## WHAT TO PRODUCE
Every line of the material must be given again verbatim. Skip the images.

## GIVEN DATA
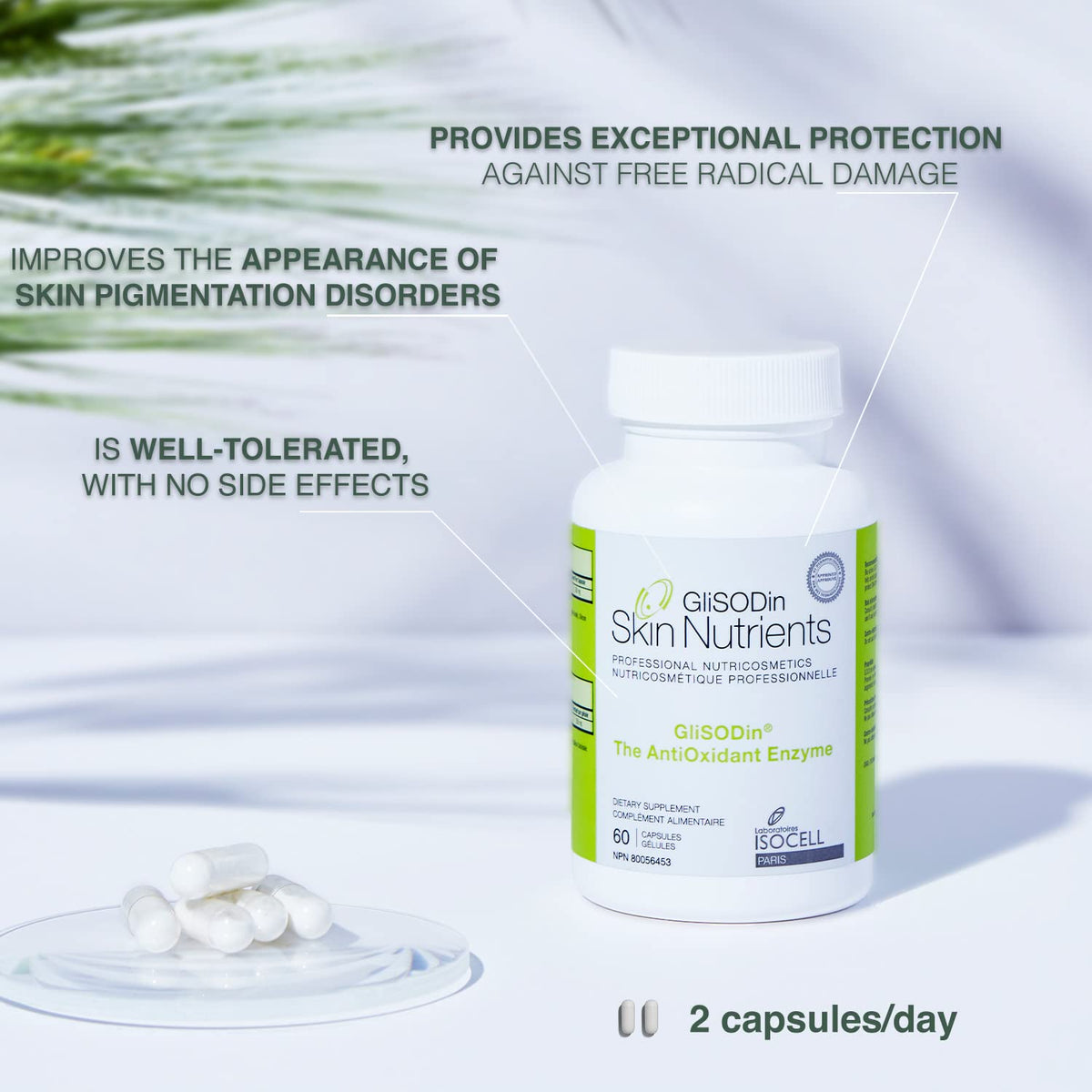 GliSODin Antioxidant Enzyme 60 capsules vue latérale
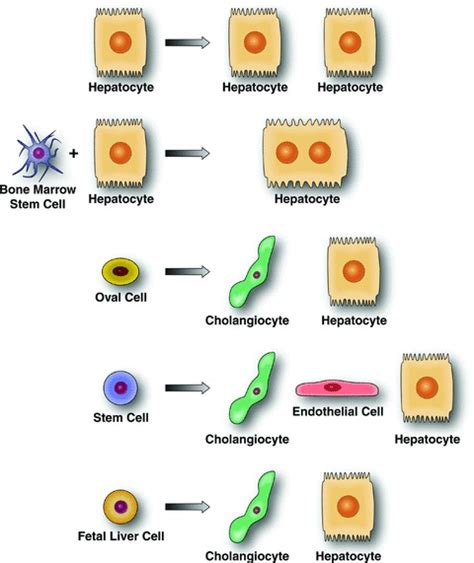 Possible Sources Of Cells In The Liver A Variety Of Cell Types Can Be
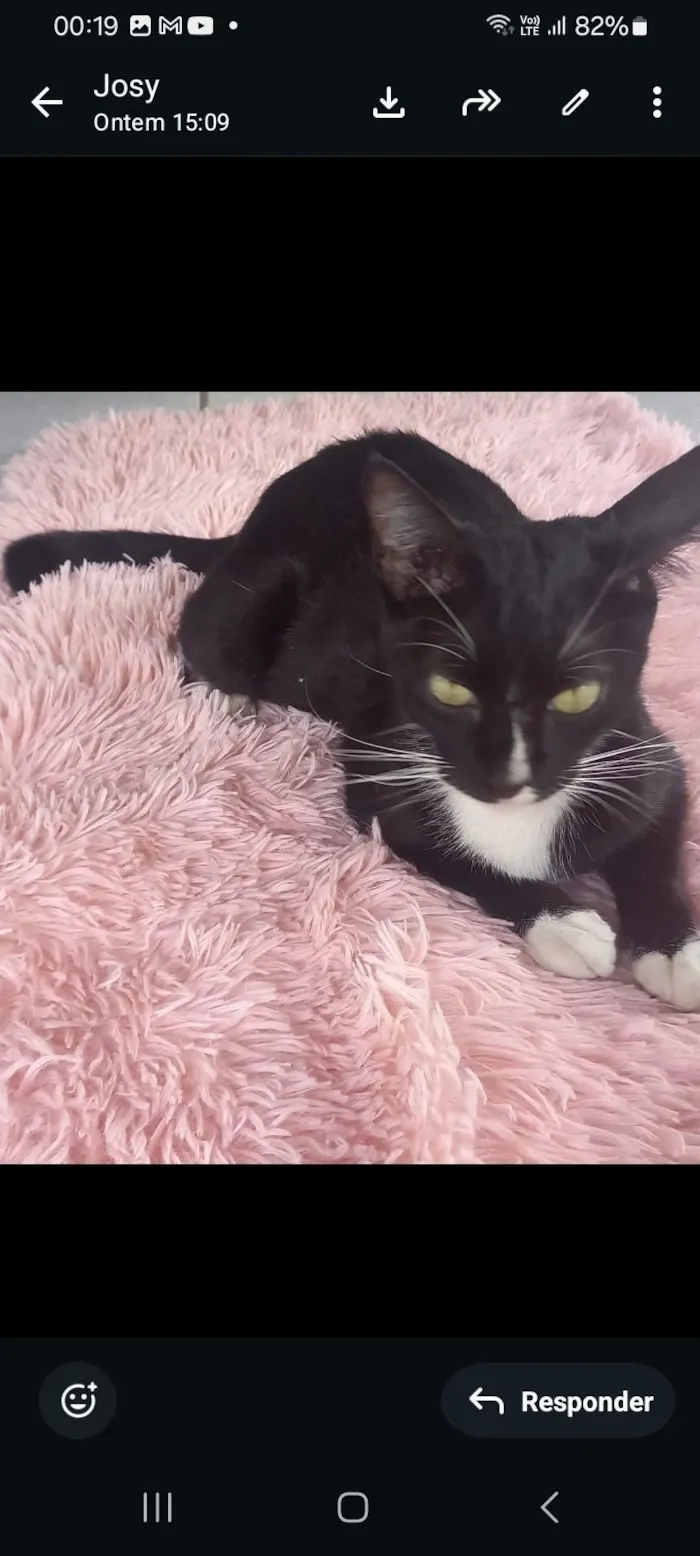 Gato raça SRD-ViraLata idade 7 a 11 meses nome nany 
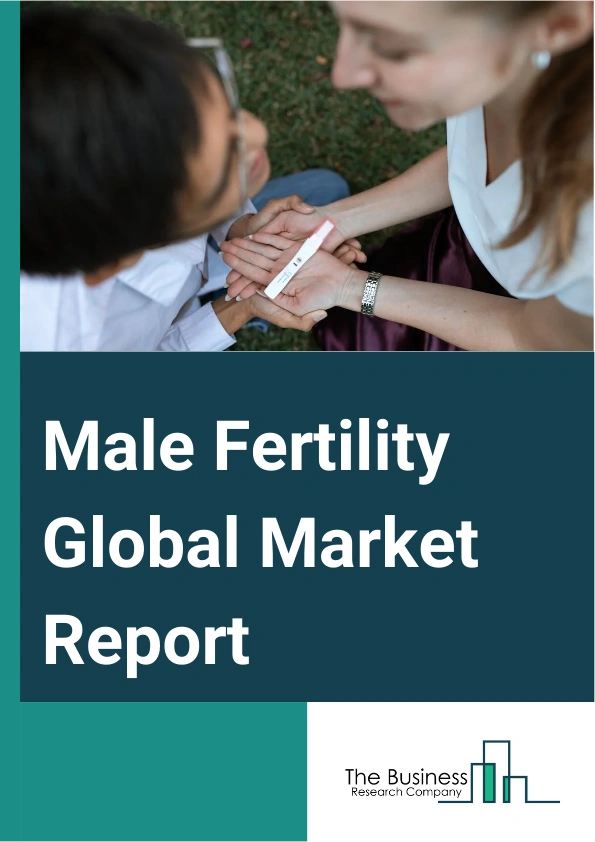 Male Fertility Global Market Report 2024 – By Test Type (Sperm Agglutination, DNA Fragmentation Technique, Oxidative Stress Analysis, Computer Assisted Semen Analysis, Sperm Penetration Assay, Other Test Types), By Treatment Type ( Assisted Reproductive Technology, Varicocele Surgery, Medication), By Supplement (Antioxidants, Vitamins, Minerals, Amino Acids, Enzymes), By End User (Hospitals And Clinics, Fertility Centers, Research Institutes, Other End Users) – Market Size, Trends, And Global Forecast 2024-2033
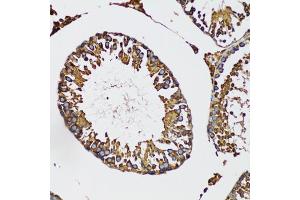Immunohistochemistry of paraffin-embedded mouse testis using IRAK4 antibody (ABIN5973654) at dilution of 1/100 (20x lens). (IRAK4 anticorps)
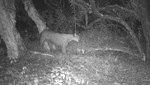 Cámaras trampa captan imágenes de especies de fauna altoandina en el Parque Nacional Huascarán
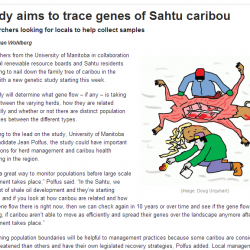 Study Aims to Trace Genes of Sahtu Caribou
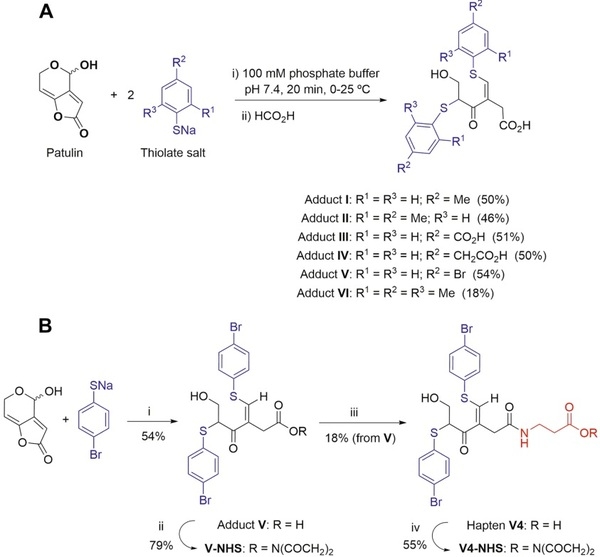 Chemical strategies for triggering the immune response to the mycotoxin patulin - Image 5
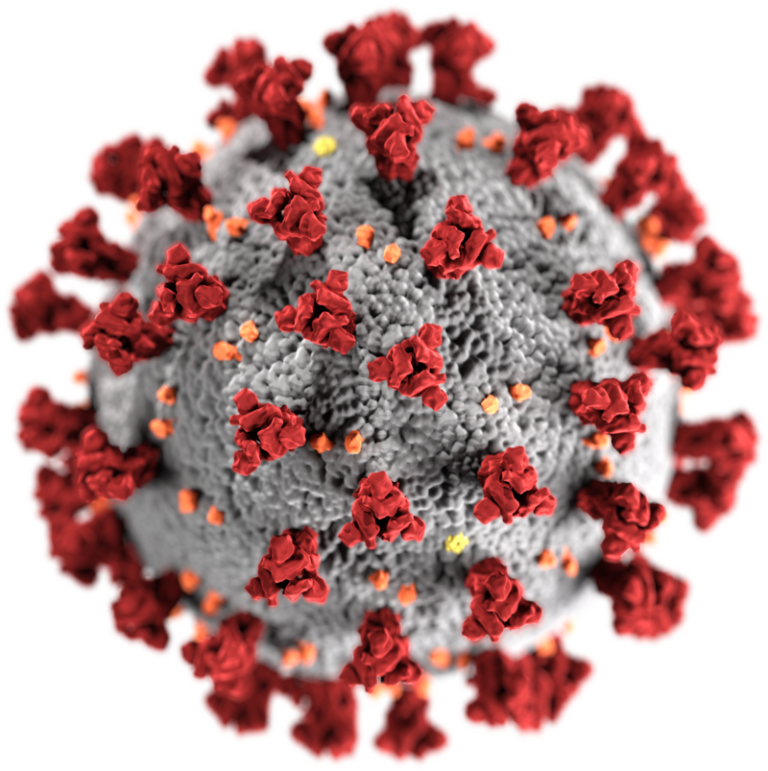 Coronavirus Disinfection in Marin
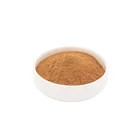 Natual Anti-biotic and anti-virus Cactus extract plant powder nopal cactus powder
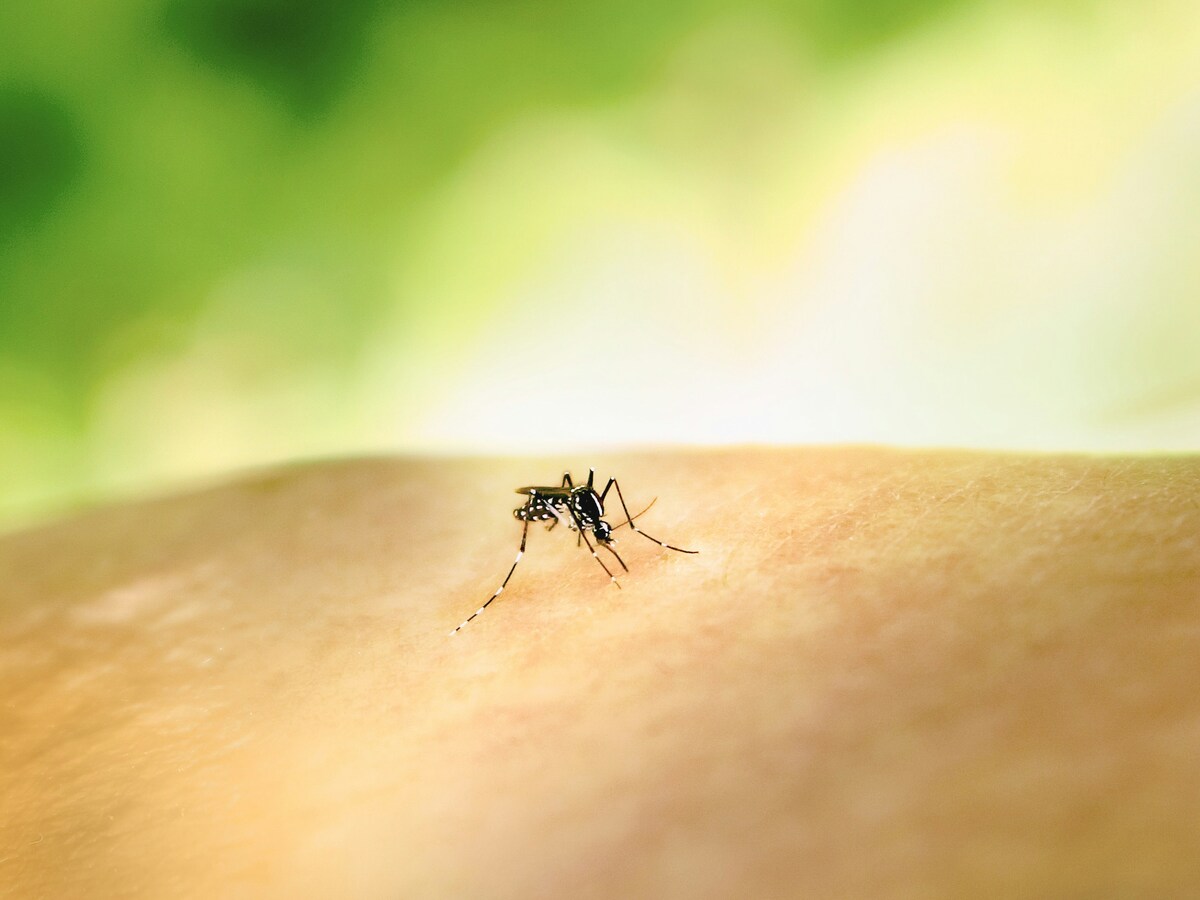 Virus West Nile, cresce l'allarme in Italia: i casi e i decessi dall'inizio del 2026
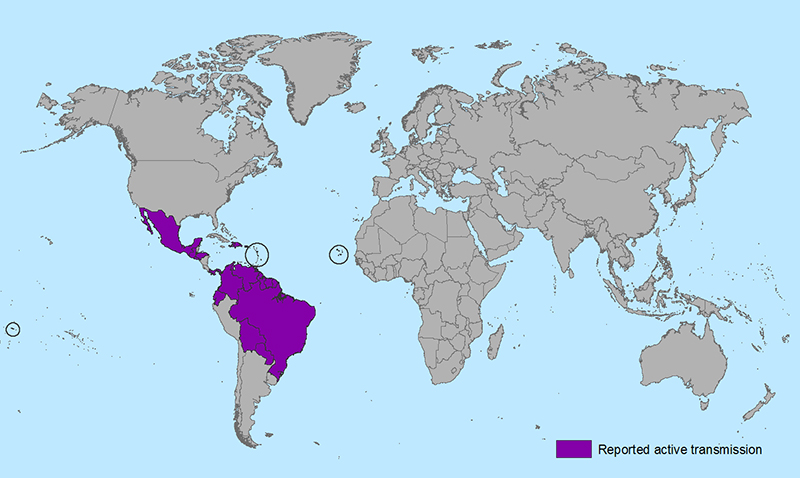 Countries and territories with active Zika virus transmission.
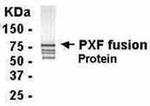 PEX19 Antibody in Western Blot (WB)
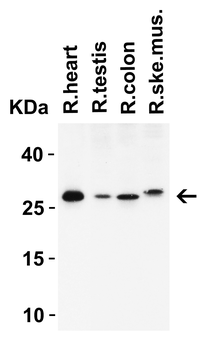 MEOX1 Antibody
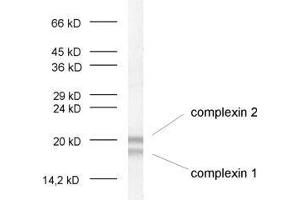 dilution: 1 : 1000, sample: crude synaptosomal fraction of rat brain (P2) (Complexin 1, 2 (AA 45-81) antibody)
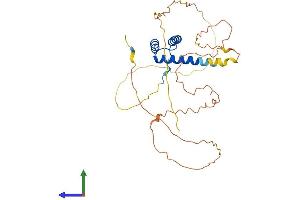 AlphaFold protein structure predicition of Mouse Recombinant Nanog Protein, UniprotID Q80Z64 (Nanog Protein (AA 1-305) (His tag))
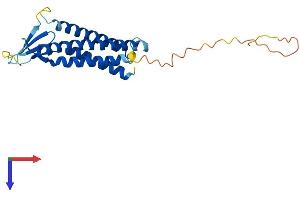 AlphaFold protein structure predicition of Human Recombinant CLDN15 Protein, UniprotID P56746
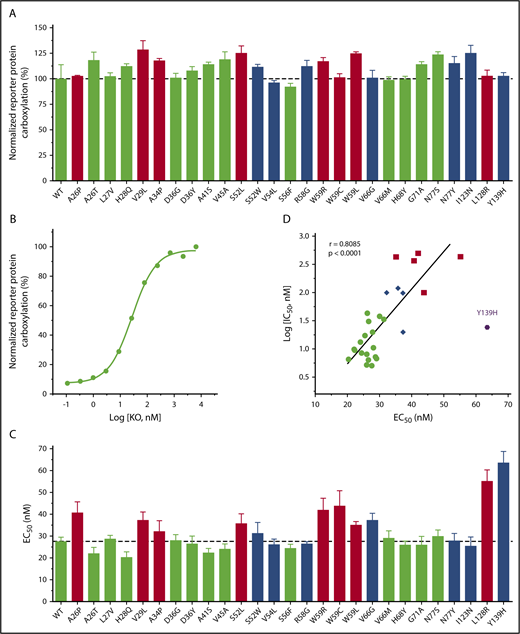 Figure 4. Effect of naturally occurring VKOR mutations on VKOR activity and KO binding. (A) Cell-based VKOR activity of all naturally occurring VKOR mutations. Each VKOR mutation was transiently expressed in DGKO FIXgla-PC/HEK293 reporter cells; the transfected cells were cultured with 5 µM KO for activity assay. Bar color codes are the same as in Figure 2. Wild-type VKOR activity is indicated by the dotted line. (B) KO concentration titration of wild-type VKOR transiently expressed in DGKO FIXgla-PC/HEK293 reporter cells. The EC50 of KO was determined by GraphPad software. (C) The EC50 of KO for all naturally occurring VKOR mutations. Data are presented as mean ± SD. Bar color codes are the same as Figure 2. The EC50 of the wild-type VKOR is indicated by the dotted line. (D) Correlation between IC50 of warfarin and EC50 of KO for naturally occurring VKOR mutations. Data for the Y139H mutant were excluded for the correlation calculation.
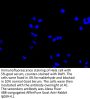 CCND3 Antibody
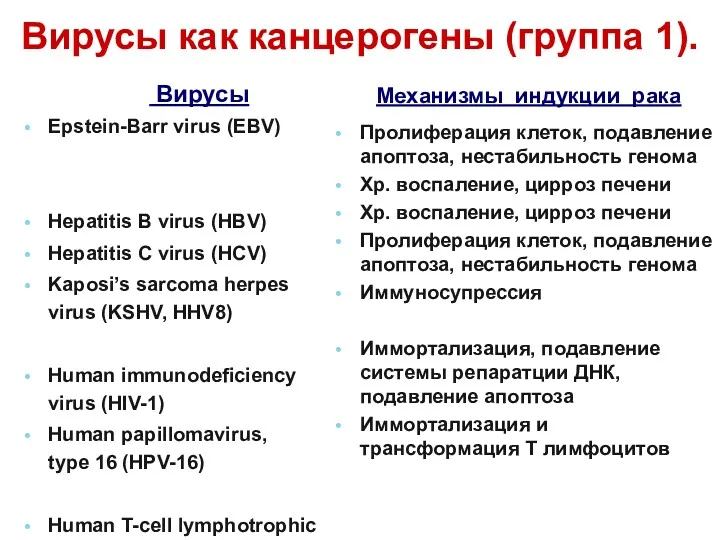 Вирусы как канцерогены (группа 1). Вирусы Epstein-Barr virus (EBV) Hepatitis B virus (HBV)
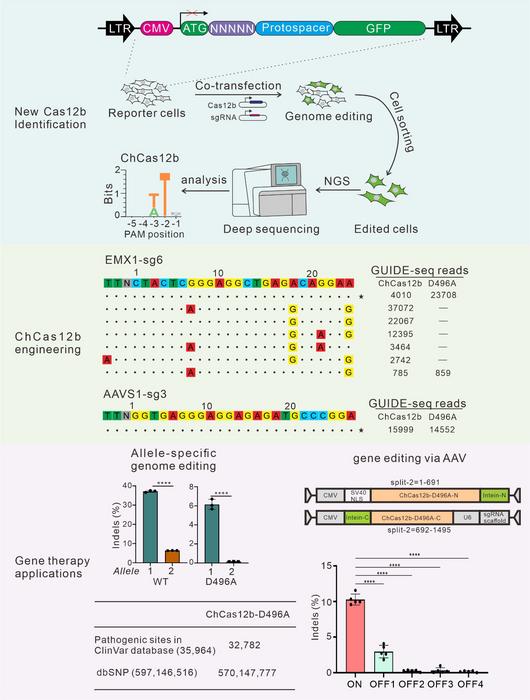 Discovery and engineering of ChCas12b for precise genome editing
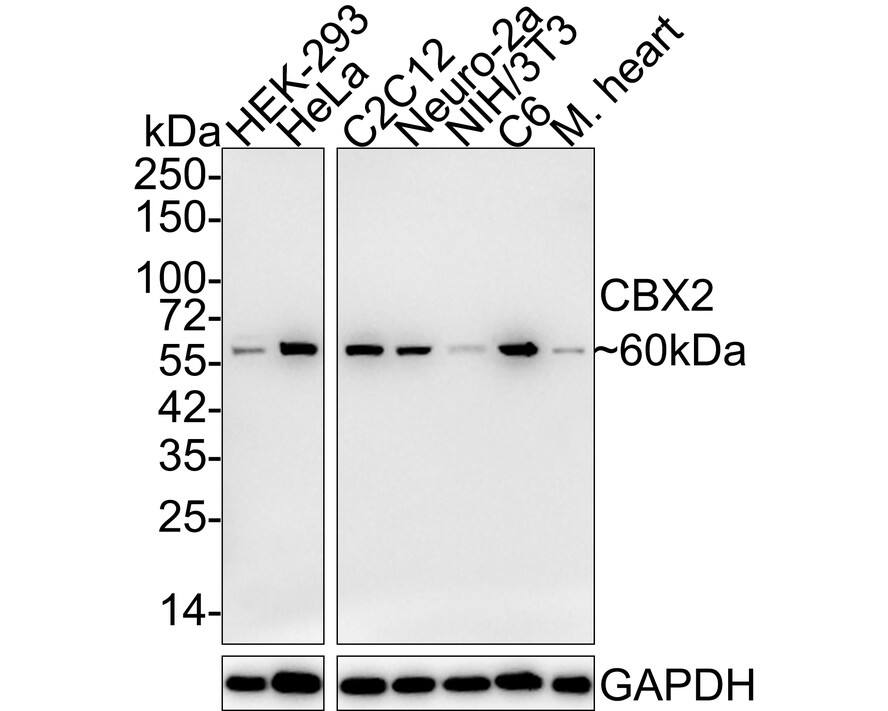 Western blot analysis on different lysates with NBP3-32114 at 1/1,000 dilution. Lane 1: HEK-293 cell lysate Lane 2: HeLa cell lysate Lane 3: C2C12 cell lysate Lane 4: Neuro-2a cell lysate Lane 5: NIH/3T3 cell lysate Lane 6: C6 cell lysate Lane 7: Mouse heart tissue lysate Lysates/proteins at 25 µg/Lane. Predicted band size: 56 kDa Observed band size: 60 kDa Exposure time: 2 minutes 10 seconds; 4-20% SDS-PAGE gel. Proteins were transferred to a PVDF membrane and blocked with 5% NFDM/TBST for 1 hour at room temperature. NBP3-32114 at 1/1,000 dilution was used in 5% NFDM/TBST at 4℃ overnight. Goat Anti-Rabbit IgG [HRP] Secondary Antibody at 1/50,000 dilution was used for 1 hour at room temperature.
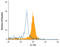 Interleukin 17B antibody, AF1709, R&D Systems, Flow Cytometry image 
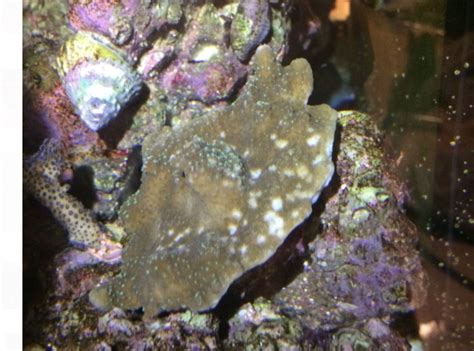 This type of algae uses calcium in its cells and can be. Montipora white spots | REEF2REEF Saltwater and Reef ...
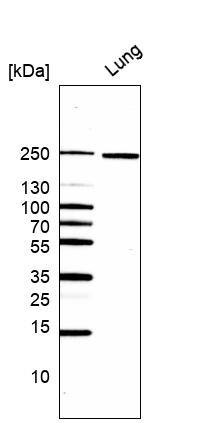 Laminin gamma 1 Antibody (CL3196) Western Blot: Laminin gamma 1 Antibody (CL3196) [NBP3-52084]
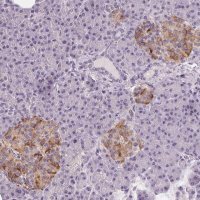 Anti-CFC1 antibody produced in rabbit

## TASK OUTPUT
 GliSODin Antioxidant Enzyme 60 capsules vue latérale
 Possible Sources Of Cells In The Liver A Variety Of Cell Types Can Be
 Gato raça SRD-ViraLata idade 7 a 11 meses nome nany 
 Male Fertility Global Market Report 2024 – By Test Type (Sperm Agglutination, DNA Fragmentation Technique, Oxidative Stress Analysis, Computer Assisted Semen Analysis, Sperm Penetration Assay, Other Test Types), By Treatment Type ( Assisted Reproductive Technology, Varicocele Surgery, Medication), By Supplement (Antioxidants, Vitamins, Minerals, Amino Acids, Enzymes), By End User (Hospitals And Clinics, Fertility Centers, Research Institutes, Other End Users) – Market Size, Trends, And Global Forecast 2024-2033
Immunohistochemistry of paraffin-embedded mouse testis using IRAK4 antibody (ABIN5973654) at dilution of 1/100 (20x lens). (IRAK4 anticorps)
 Cámaras trampa captan imágenes de especies de fauna altoandina en el Parque Nacional Huascarán
 Study Aims to Trace Genes of Sahtu Caribou
 Chemical strategies for triggering the immune response to the mycotoxin patulin - Image 5
 Coronavirus Disinfection in Marin
 Natual Anti-biotic and anti-virus Cactus extract plant powder nopal cactus powder
 Virus West Nile, cresce l'allarme in Italia: i casi e i decessi dall'inizio del 2026
 Countries and territories with active Zika virus transmission.
 PEX19 Antibody in Western Blot (WB)
 MEOX1 Antibody
 dilution: 1 : 1000, sample: crude synaptosomal fraction of rat brain (P2) (Complexin 1, 2 (AA 45-81) antibody)
 AlphaFold protein structure predicition of Mouse Recombinant Nanog Protein, UniprotID Q80Z64 (Nanog Protein (AA 1-305) (His tag))
 AlphaFold protein structure predicition of Human Recombinant CLDN15 Protein, UniprotID P56746
 Figure 4. Effect of naturally occurring VKOR mutations on VKOR activity and KO binding. (A) Cell-based VKOR activity of all naturally occurring VKOR mutations. Each VKOR mutation was transiently expressed in DGKO FIXgla-PC/HEK293 reporter cells; the transfected cells were cultured with 5 µM KO for activity assay. Bar color codes are the same as in Figure 2. Wild-type VKOR activity is indicated by the dotted line. (B) KO concentration titration of wild-type VKOR transiently expressed in DGKO FIXgla-PC/HEK293 reporter cells. The EC50 of KO was determined by GraphPad software. (C) The EC50 of KO for all naturally occurring VKOR mutations. Data are presented as mean ± SD. Bar color codes are the same as Figure 2. The EC50 of the wild-type VKOR is indicated by the dotted line. (D) Correlation between IC50 of warfarin and EC50 of KO for naturally occurring VKOR mutations. Data for the Y139H mutant were excluded for the correlation calculation.
 CCND3 Antibody
 Вирусы как канцерогены (группа 1). Вирусы Epstein-Barr virus (EBV) Hepatitis B virus (HBV)
 Discovery and engineering of ChCas12b for precise genome editing
 Western blot analysis on different lysates with NBP3-32114 at 1/1,000 dilution. Lane 1: HEK-293 cell lysate Lane 2: HeLa cell lysate Lane 3: C2C12 cell lysate Lane 4: Neuro-2a cell lysate Lane 5: NIH/3T3 cell lysate Lane 6: C6 cell lysate Lane 7: Mouse heart tissue lysate Lysates/proteins at 25 µg/Lane. Predicted band size: 56 kDa Observed band size: 60 kDa Exposure time: 2 minutes 10 seconds; 4-20% SDS-PAGE gel. Proteins were transferred to a PVDF membrane and blocked with 5% NFDM/TBST for 1 hour at room temperature. NBP3-32114 at 1/1,000 dilution was used in 5% NFDM/TBST at 4℃ overnight. Goat Anti-Rabbit IgG [HRP] Secondary Antibody at 1/50,000 dilution was used for 1 hour at room temperature.
 Interleukin 17B antibody, AF1709, R&D Systems, Flow Cytometry image 
 This type of algae uses calcium in its cells and can be. Montipora white spots | REEF2REEF Saltwater and Reef ...
 Laminin gamma 1 Antibody (CL3196) Western Blot: Laminin gamma 1 Antibody (CL3196) [NBP3-52084]
 Anti-CFC1 antibody produced in rabbit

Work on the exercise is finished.